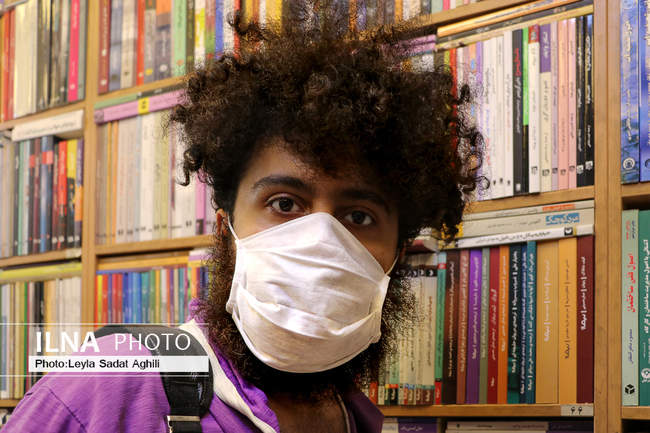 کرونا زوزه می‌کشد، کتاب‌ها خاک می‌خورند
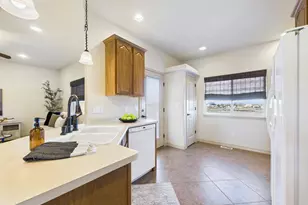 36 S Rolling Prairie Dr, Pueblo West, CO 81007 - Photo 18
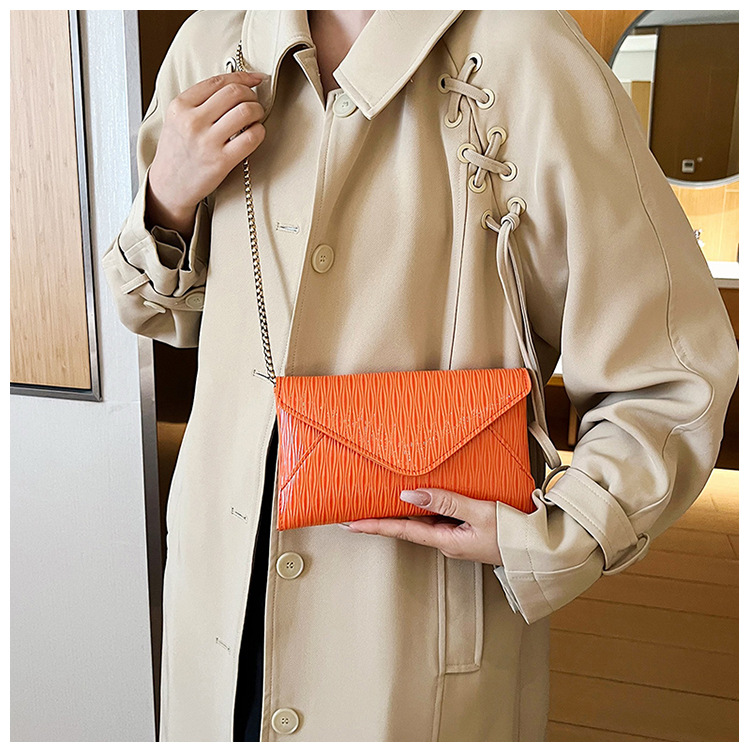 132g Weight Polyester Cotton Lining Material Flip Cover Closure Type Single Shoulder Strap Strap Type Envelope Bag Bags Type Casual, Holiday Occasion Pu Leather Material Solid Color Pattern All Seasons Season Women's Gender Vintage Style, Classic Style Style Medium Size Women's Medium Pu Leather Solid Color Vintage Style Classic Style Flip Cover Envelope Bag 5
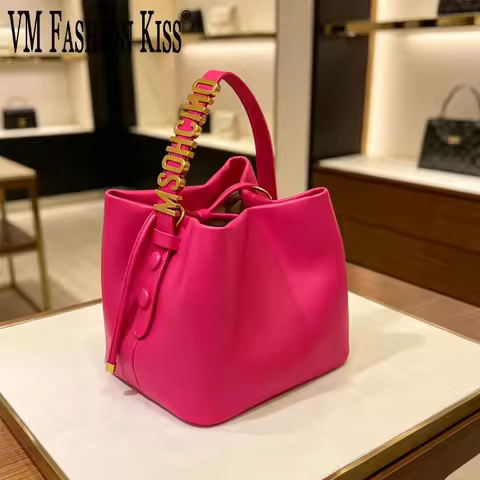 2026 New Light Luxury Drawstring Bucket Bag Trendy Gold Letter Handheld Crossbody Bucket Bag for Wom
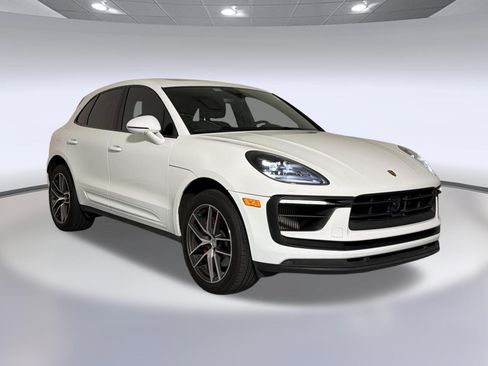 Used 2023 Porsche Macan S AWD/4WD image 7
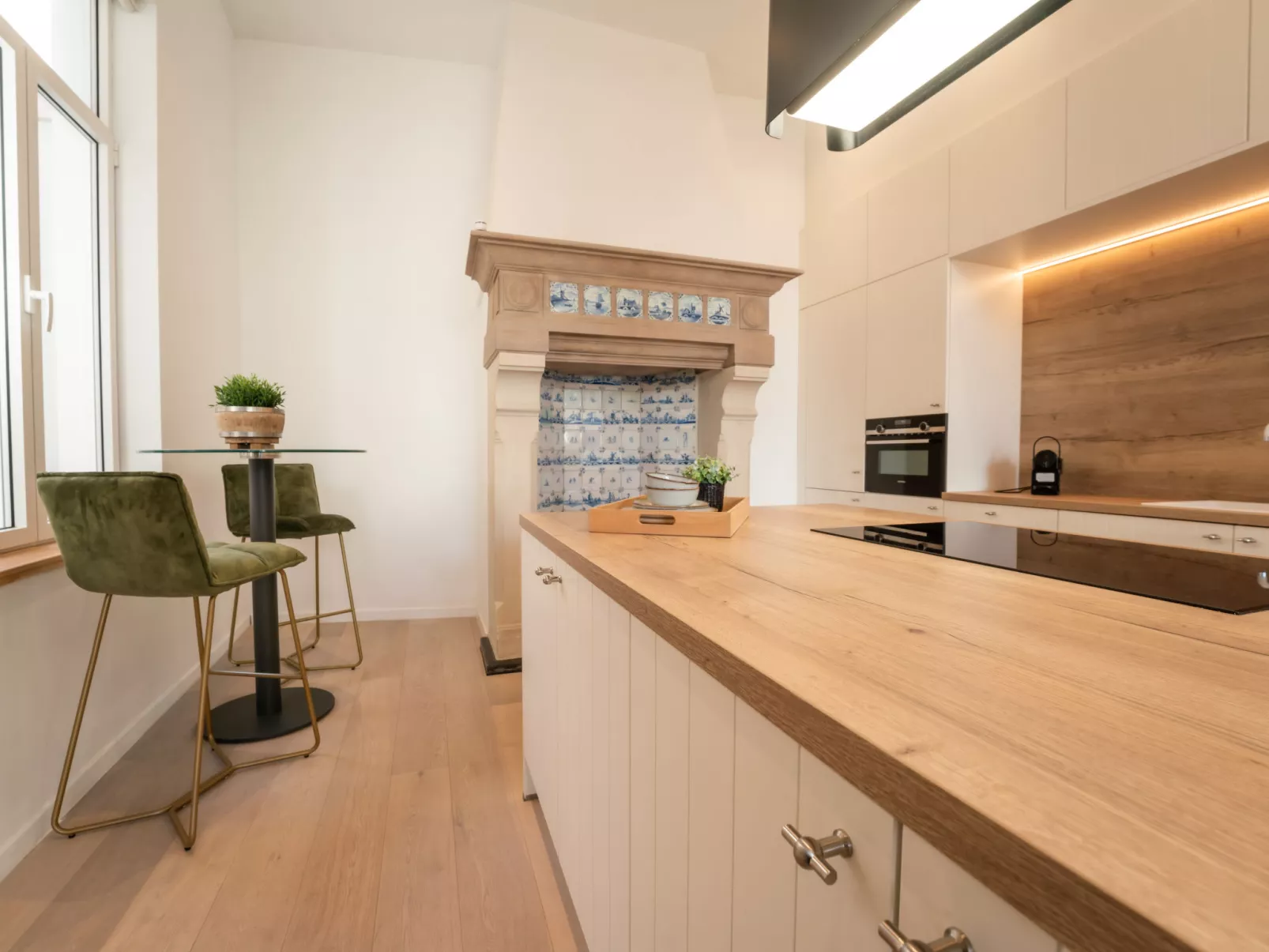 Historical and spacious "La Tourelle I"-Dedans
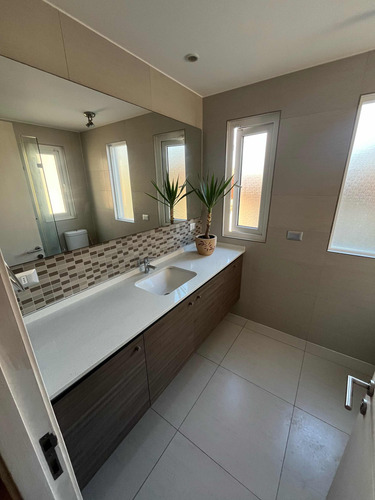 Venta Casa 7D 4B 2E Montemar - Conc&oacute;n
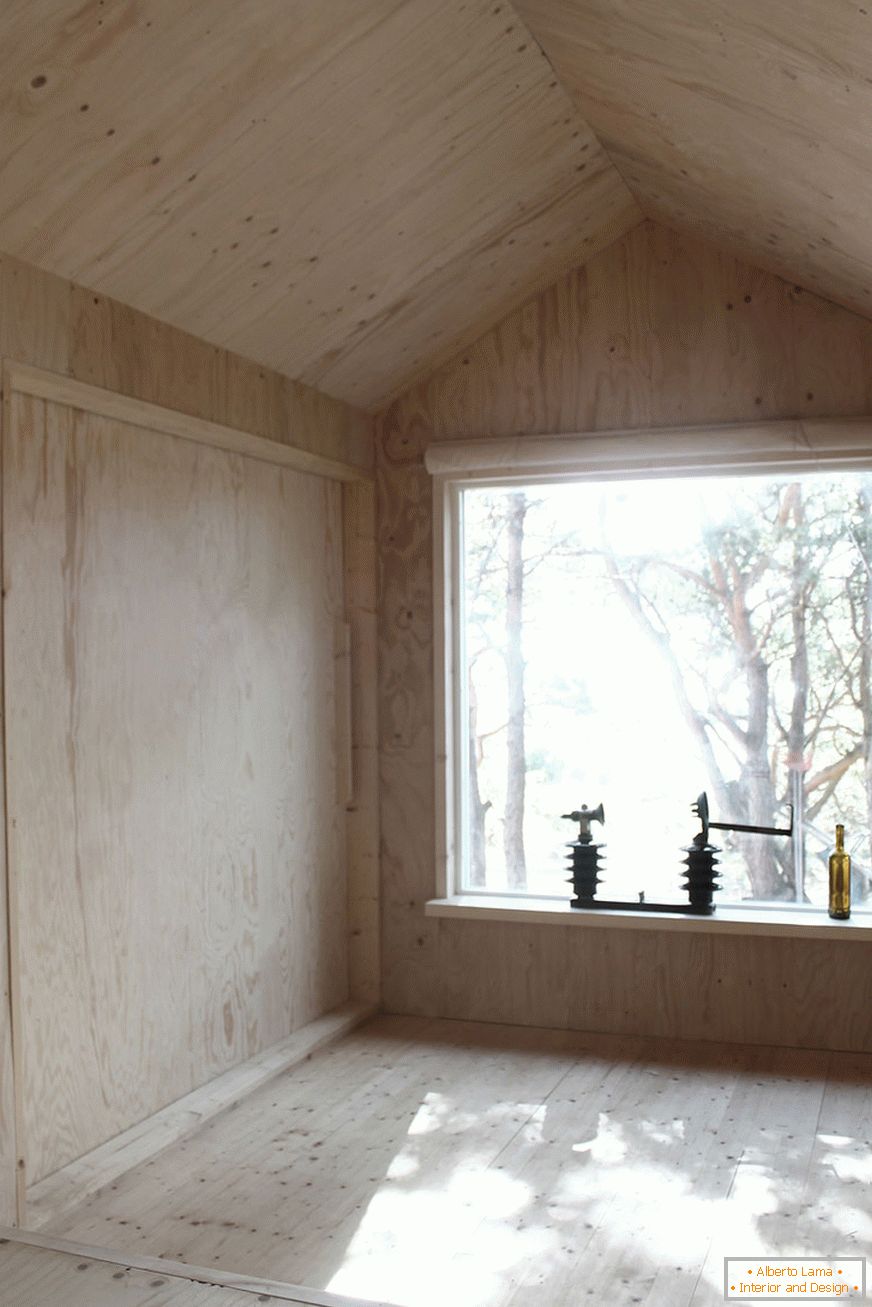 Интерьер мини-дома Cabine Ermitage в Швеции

============

▸ The task:
Make an exact copy of the records shown above, without the pictures.

▸ The answer:
 کرونا زوزه می‌کشد، کتاب‌ها خاک می‌خورند
 36 S Rolling Prairie Dr, Pueblo West, CO 81007 - Photo 18
 132g Weight Polyester Cotton Lining Material Flip Cover Closure Type Single Shoulder Strap Strap Type Envelope Bag Bags Type Casual, Holiday Occasion Pu Leather Material Solid Color Pattern All Seasons Season Women's Gender Vintage Style, Classic Style Style Medium Size Women's Medium Pu Leather Solid Color Vintage Style Classic Style Flip Cover Envelope Bag 5
 2026 New Light Luxury Drawstring Bucket Bag Trendy Gold Letter Handheld Crossbody Bucket Bag for Wom
 Used 2023 Porsche Macan S AWD/4WD image 7
 Historical and spacious "La Tourelle I"-Dedans
 Venta Casa 7D 4B 2E Montemar - Conc&oacute;n
 Интерьер мини-дома Cabine Ermitage в Швеции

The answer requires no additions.